Ivaldo Lemos Junior
Procurador de justiça do MPDFT
Em 1907, o historiador e sociólogo italiano Guglielmo Ferrero agendou uma visita a Buenos Aires, a convite do jornal La Nación. Aqui no Brasil se soube disso e se fez um esforço para trazê-lo para a Corte, no Rio de Janeiro. Ferrero, que se radicara em Paris, onde publicava artigos na primeira página do Le Figaro e lecionava no principal auditório do Collège de France, foi contactado pela Academia Brasileira de Letras. Acabaram combinando 14 palestras no valor de 40.000 francos (a proposta inicial eram 10.000 liras).

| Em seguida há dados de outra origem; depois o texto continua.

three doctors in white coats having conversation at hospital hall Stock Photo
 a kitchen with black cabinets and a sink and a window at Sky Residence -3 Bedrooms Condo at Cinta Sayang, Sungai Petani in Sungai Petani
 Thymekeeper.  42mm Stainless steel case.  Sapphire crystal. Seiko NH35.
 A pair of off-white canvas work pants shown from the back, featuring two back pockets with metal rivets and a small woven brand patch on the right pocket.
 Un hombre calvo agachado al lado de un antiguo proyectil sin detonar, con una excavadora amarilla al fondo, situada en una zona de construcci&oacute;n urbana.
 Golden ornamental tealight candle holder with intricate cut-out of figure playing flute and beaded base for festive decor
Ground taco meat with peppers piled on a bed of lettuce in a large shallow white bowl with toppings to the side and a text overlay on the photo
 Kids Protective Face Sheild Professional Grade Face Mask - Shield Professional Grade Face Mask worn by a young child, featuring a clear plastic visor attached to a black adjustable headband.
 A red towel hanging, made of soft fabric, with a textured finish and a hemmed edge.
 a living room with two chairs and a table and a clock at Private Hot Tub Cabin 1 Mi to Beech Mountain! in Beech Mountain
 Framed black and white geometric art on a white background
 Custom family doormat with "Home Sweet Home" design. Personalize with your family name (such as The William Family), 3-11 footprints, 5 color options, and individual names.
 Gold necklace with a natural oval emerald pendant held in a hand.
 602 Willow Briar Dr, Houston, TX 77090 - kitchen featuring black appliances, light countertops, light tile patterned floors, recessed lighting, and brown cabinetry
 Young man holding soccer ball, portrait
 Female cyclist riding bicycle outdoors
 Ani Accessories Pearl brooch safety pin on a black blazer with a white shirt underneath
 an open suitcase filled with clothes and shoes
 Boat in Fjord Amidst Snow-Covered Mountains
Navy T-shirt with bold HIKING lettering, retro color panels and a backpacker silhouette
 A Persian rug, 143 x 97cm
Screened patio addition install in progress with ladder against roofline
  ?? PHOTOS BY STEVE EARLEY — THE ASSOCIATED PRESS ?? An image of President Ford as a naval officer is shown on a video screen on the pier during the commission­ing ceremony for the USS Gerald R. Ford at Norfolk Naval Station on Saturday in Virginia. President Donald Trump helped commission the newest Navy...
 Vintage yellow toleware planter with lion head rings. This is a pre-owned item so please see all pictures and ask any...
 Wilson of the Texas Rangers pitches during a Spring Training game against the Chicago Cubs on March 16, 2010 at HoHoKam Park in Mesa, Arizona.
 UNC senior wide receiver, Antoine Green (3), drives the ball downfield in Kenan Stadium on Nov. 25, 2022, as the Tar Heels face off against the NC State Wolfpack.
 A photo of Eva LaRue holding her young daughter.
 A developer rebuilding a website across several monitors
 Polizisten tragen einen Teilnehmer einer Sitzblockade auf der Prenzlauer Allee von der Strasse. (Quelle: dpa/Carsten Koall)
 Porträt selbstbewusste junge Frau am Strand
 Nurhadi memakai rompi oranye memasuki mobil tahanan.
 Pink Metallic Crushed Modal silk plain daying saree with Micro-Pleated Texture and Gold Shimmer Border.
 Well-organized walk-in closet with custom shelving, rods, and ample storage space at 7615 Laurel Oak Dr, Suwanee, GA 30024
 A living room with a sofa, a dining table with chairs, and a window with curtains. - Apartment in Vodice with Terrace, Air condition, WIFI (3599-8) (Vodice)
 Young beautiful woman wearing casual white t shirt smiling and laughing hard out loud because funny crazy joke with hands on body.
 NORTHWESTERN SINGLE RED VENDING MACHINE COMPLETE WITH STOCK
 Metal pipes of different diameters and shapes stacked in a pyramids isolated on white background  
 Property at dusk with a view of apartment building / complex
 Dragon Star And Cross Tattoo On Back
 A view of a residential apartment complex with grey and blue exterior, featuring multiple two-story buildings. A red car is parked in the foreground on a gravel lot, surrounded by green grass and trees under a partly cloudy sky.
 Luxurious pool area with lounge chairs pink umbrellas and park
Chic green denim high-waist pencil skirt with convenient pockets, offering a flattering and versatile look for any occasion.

A primeira conferência, sobre “A cultura latina no momento atual”, contou com a presença do presidente da República, Afonso Pena, dignitários governamentais e intelectuais. Só que o número de 14 foi caindo para 8, depois 6, e, no final, não passaram de 5. O resto do tempo foi consumido em banquetes e passeios.
Os honorários, esses não diminuíram. Em moeda nacional, foram uma fortuna de 50 contos de réis (pesquisas na internet mostram variadas conversões para real, que chegam a milhões). A ABL não tinha sede própria nem patrimônio. Não tinha um vintém no caixa. Cada imortal tirava do próprio bolso cinco mil-réis para participar das sessões, tantas vezes com quorum minguado, o que ameaçava a continuação da entidade. Até as eleições para novos membros tinham grande abstenção, mesmo se podendo votar pelo correio.
Pois sabe quem pagou os 500 mil-réis? O governo. Mais exatamente, o orçamento de dois ministérios, da Viação e do Exterior. E não é certeza que a presença de Ferrero tenha sido tão proveitosa quanto prometia. O presidente da ABL, Machado, fez elogios, mas o colega de fardão Euclides da Cunha se disse “desiludido” e “desapontado”, e lamentou a “glorificação das mediocridades”. Sobrou até para a mulher do visitante (filha de Cesare Lombroso), rotulada de “a mais feia e mais encantadora” que já tinha visto.